Segment Open

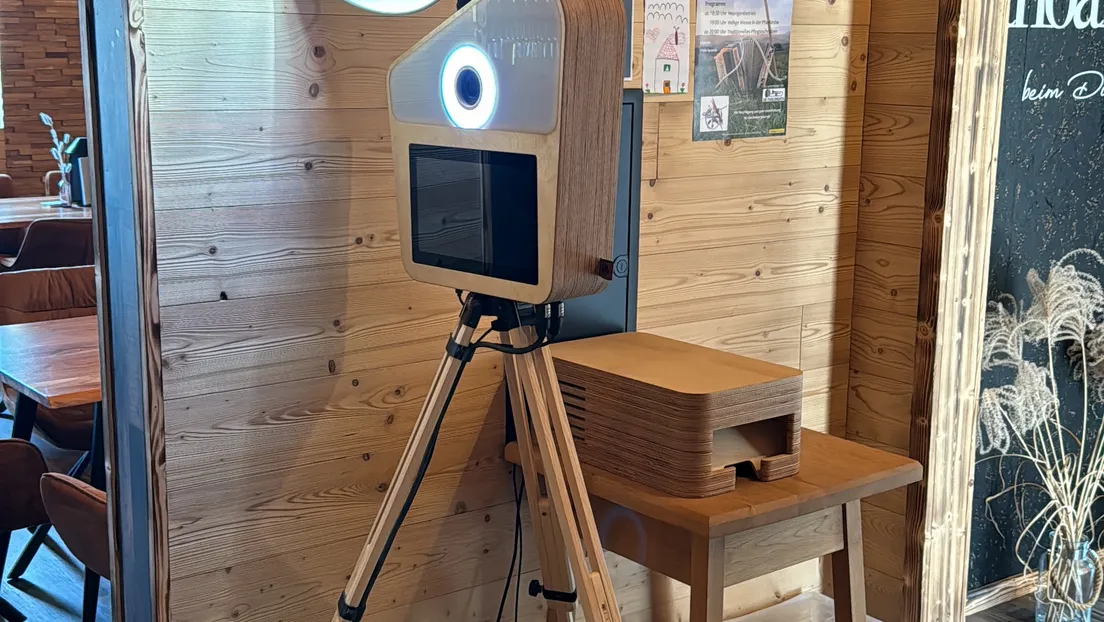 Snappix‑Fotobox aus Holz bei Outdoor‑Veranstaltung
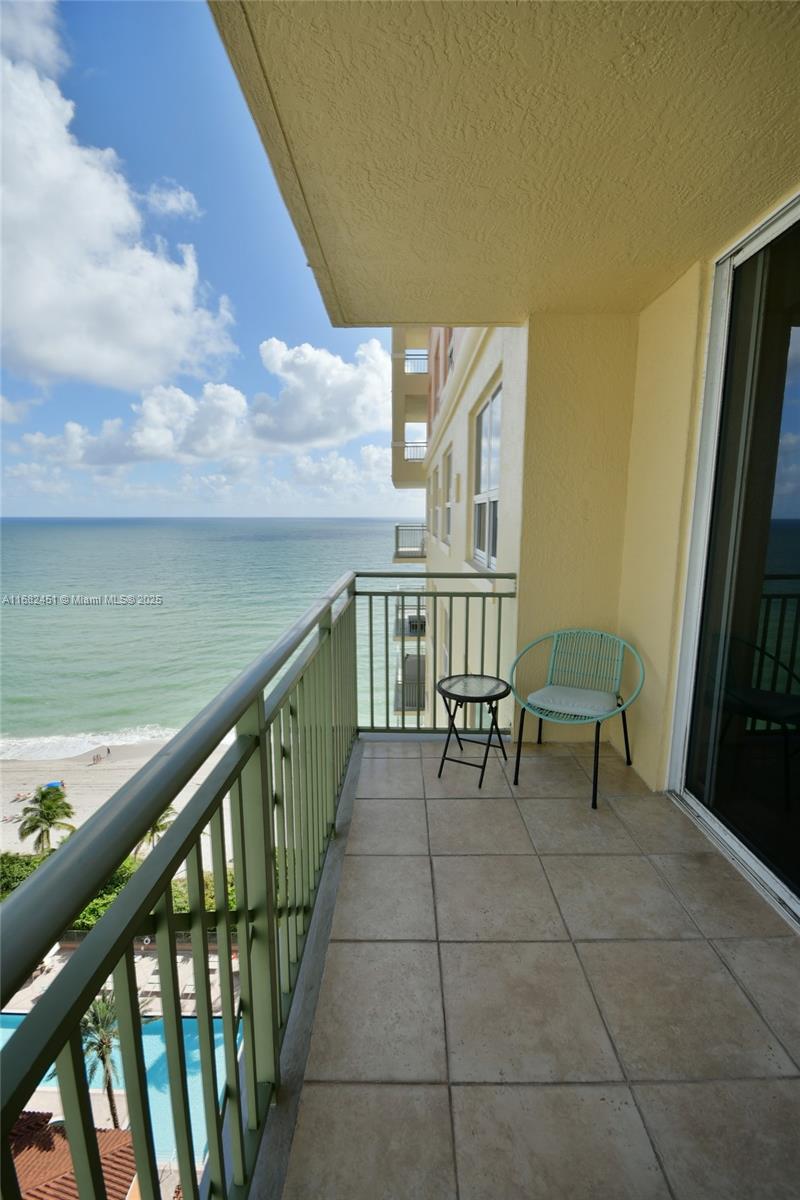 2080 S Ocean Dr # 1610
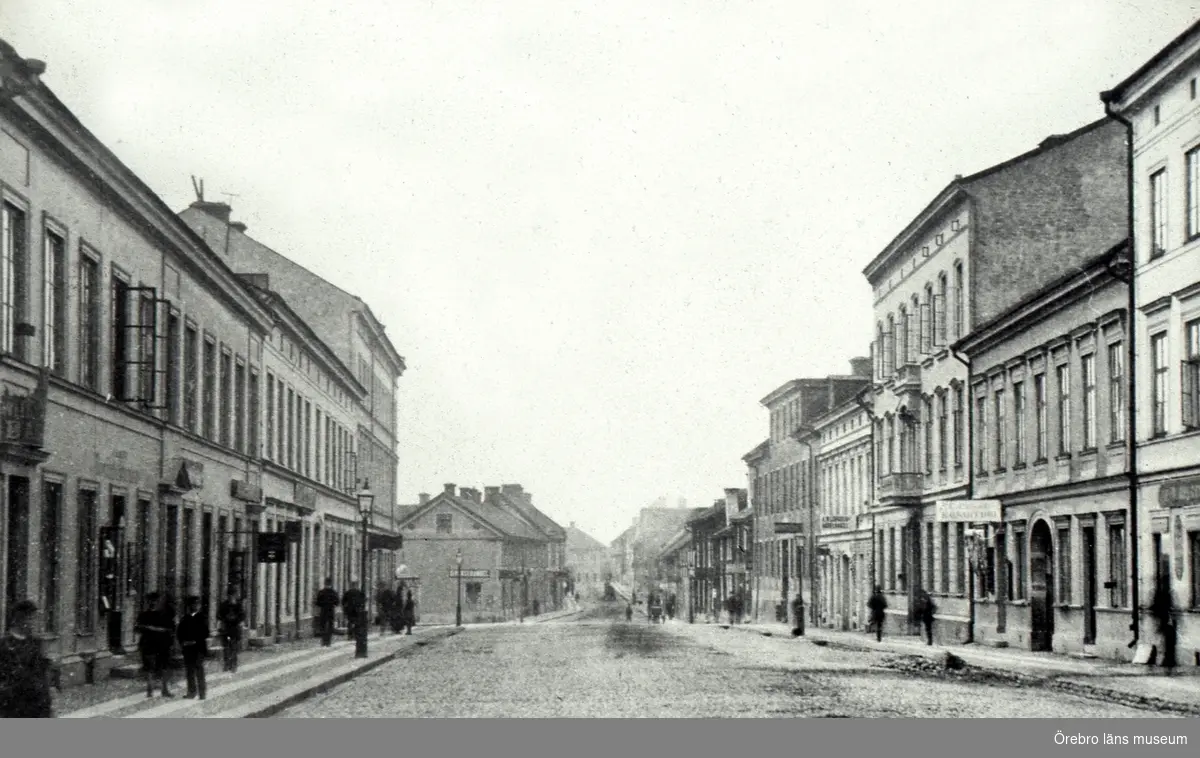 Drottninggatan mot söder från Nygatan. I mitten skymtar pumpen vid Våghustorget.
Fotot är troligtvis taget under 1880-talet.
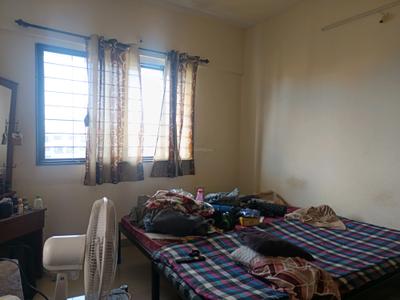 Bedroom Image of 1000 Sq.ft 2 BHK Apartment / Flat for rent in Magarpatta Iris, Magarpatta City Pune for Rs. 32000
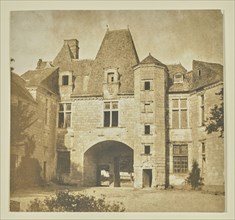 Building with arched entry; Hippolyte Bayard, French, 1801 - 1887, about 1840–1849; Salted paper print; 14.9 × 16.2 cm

Segment Closed

◆ Exercise requirements: Pictures stay out of the copy. Reproduce exactly the lines from the one containing "Drottninggatan mot söder" through the last line of the records above, both included.

◆ Expected output:
 Drottninggatan mot söder från Nygatan. I mitten skymtar pumpen vid Våghustorget.
Fotot är troligtvis taget under 1880-talet.
 Bedroom Image of 1000 Sq.ft 2 BHK Apartment / Flat for rent in Magarpatta Iris, Magarpatta City Pune for Rs. 32000
 Building with arched entry; Hippolyte Bayard, French, 1801 - 1887, about 1840–1849; Salted paper print; 14.9 × 16.2 cm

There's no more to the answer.